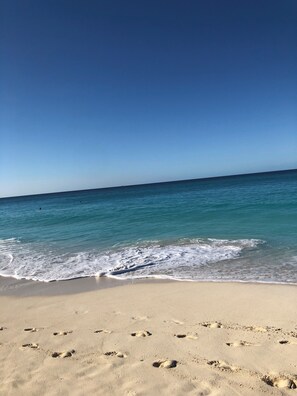 On the beach, sun-loungers, beach towels - Sunrise Beach Resort-Same Beach as Atlantis-3 Bedroom-Villa Tropicalia-Secure! (Paradise Island Bahamas)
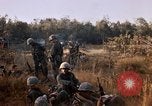 Image les soldats de l'armée américaine reposant et en patrouille au Vietnam le Vietnam du Sud, 1967, de la seconde 50 séquences d'archives historiques vidéo 65675070315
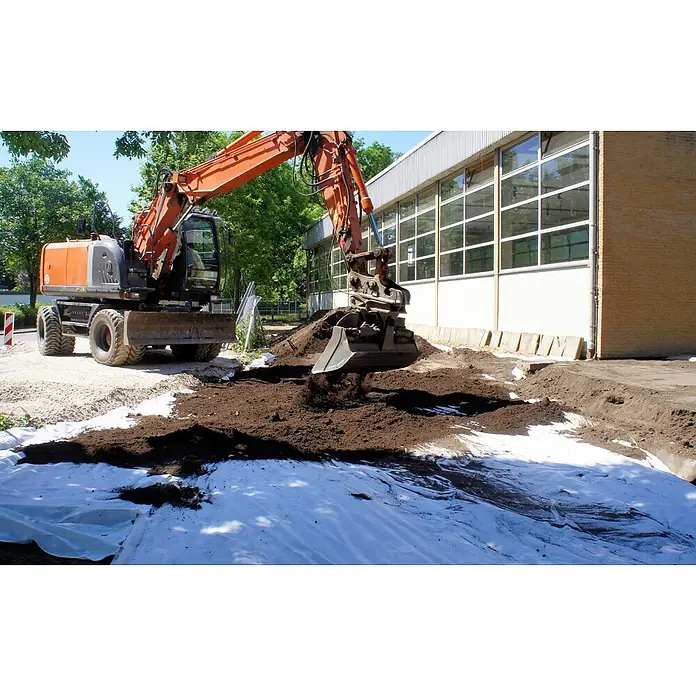 Aquagart Bodenschutzvlies 650m² 150g/m² 2m Gartenvlies Unkrautvlies -  - Oranger und grauer Bagger gräbt Erde auf einer Baustelle mit weißer Schutzplane am Boden.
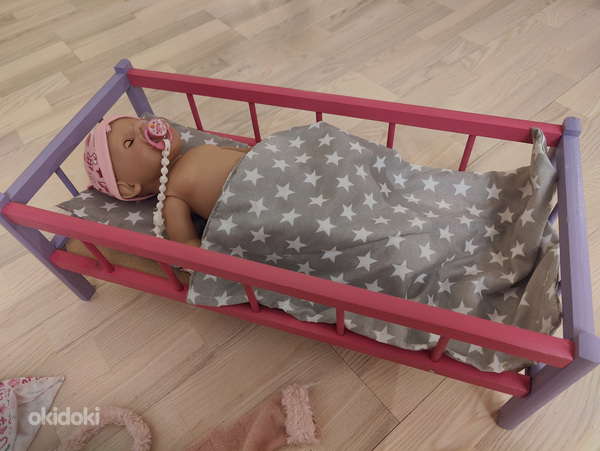 Nukku voodi ja palju riideid nukkule. Kukk on ka Baby Born (foto #2)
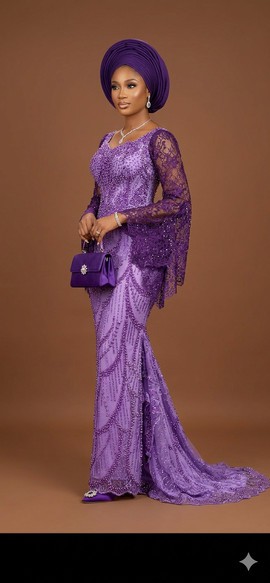 Robe sirène en dentelle violette perlée avec une ample traîne spectaculaire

- - - - -

### BRIEF
All lines from the one holding "Image les soldats" through the last line of the records need to be copied exactly, both ends included, and the pictures left behind.

### COMPLETED EXERCISE
 Image les soldats de l'armée américaine reposant et en patrouille au Vietnam le Vietnam du Sud, 1967, de la seconde 50 séquences d'archives historiques vidéo 65675070315
 Aquagart Bodenschutzvlies 650m² 150g/m² 2m Gartenvlies Unkrautvlies -  - Oranger und grauer Bagger gräbt Erde auf einer Baustelle mit weißer Schutzplane am Boden.
 Nukku voodi ja palju riideid nukkule. Kukk on ka Baby Born (foto #2)
 Robe sirène en dentelle violette perlée avec une ample traîne spectaculaire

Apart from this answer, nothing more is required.